The Dublin, Ireland-based Small Foundation has for nearly two decades collaborated with organizations and ecosystem builders on the ground in Africa as part of its mission to alleviate poverty on the continent. Small is also working closely with foundation peers and other investors to advance best practices in catalytic capital.
“Collaboration is deepening,” Small Foundation’s Karina Wong tells ImpactAlpha. “We are leaning into co-learning and co-creation with other investors, and we are working with a wider range of stakeholders than ever before.” (Read Wong’s guest post, ““Why catalytic capital matters now”).
Family matters
Among family offices, a power shift to next-gen family members is spurring increased interest in impact investment. “Impact first” has become a rallying cry for some families willing to break free of traditional “market-rate returns” expectations.
“We continue to think about how we can put our head down and get more money into the hands of those creating real impact on the ground,” said Alex Evangelides of the family office A to Z Impact, who said that after a tumultuous 2025 impact investing is poised for growth next year.

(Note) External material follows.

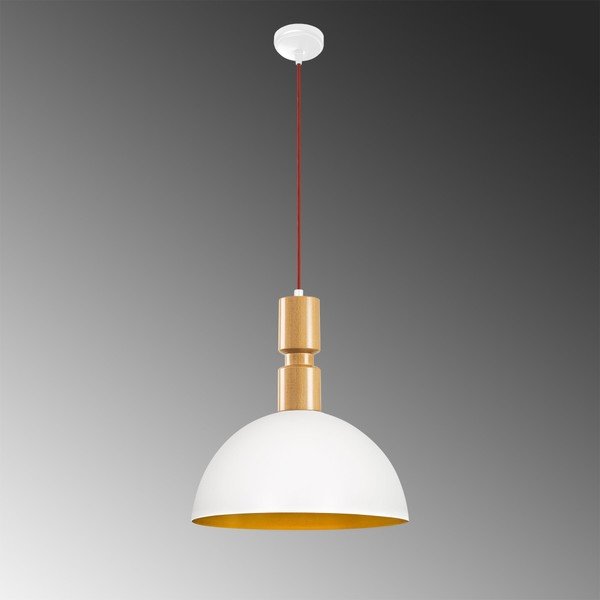 Baltas metalinis pakabinamas šviestuvas Opviq lights Diamonda-image-1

“We hope to continue to see GPs and entrepreneurs and CEOs prioritize impact first and foremost,” he said, “and to see investors and investments that are happy to trade some of the potential financial return for more impact return.”
In Singapore, the Tsao Family Office invests in opportunities in climate action, health and education from experienced asset and fund managers. It is stepping into new, more risky areas as well. This year, it was the first family office to join a roster of development finance institutions to stake London-based TLG Capital’s second Africa Growth Impact Fund, which uses a unique structure to provide dollar-denominated loans to African businesses (for background see, “From Singapore, Tsao Family Office expands the LP pool for impact strategies in Africa”).
“It’s a bit of a risk,” Leslie Lim, who leads Tsao’s fixed-income portfolio, told ImpactAlpha this summer. “But it’s the type of risk the family is prepared to take given the impact focus.”
In Germany, the family office Aurum Impact aims to be a resource for helping next-gen family members get started with impact investing, structure their strategies and bring along other family members. Aurum invests in sustainable materials, climate and energy, natural ecosystems, and solutions such as education and housing that support social stability (see, “Aurum Impact wants more European family offices to invest for impact”).
Miki Yokoyama, who co-founded and manages Aurum Impact, told ImpactAlpha this year that she is on a mission to encourage “more family offices to become more active in impact investing, in thinking about how they can create value with the wealth that they have.”
Ramdoss of Gary Community Ventures said he’s concerned that the slowdown in private-market exits and other headwinds could cause a pullback, hurting managers who are in the market with impact-oriented funds.
“LPs need to step up and play a more active role in collaborative efforts, taking insights from our managers and turning them into systemic outcomes,” he said. “The real benefit of being an LP isn’t just investing in great managers—it’s leveraging those insights to create durable change.”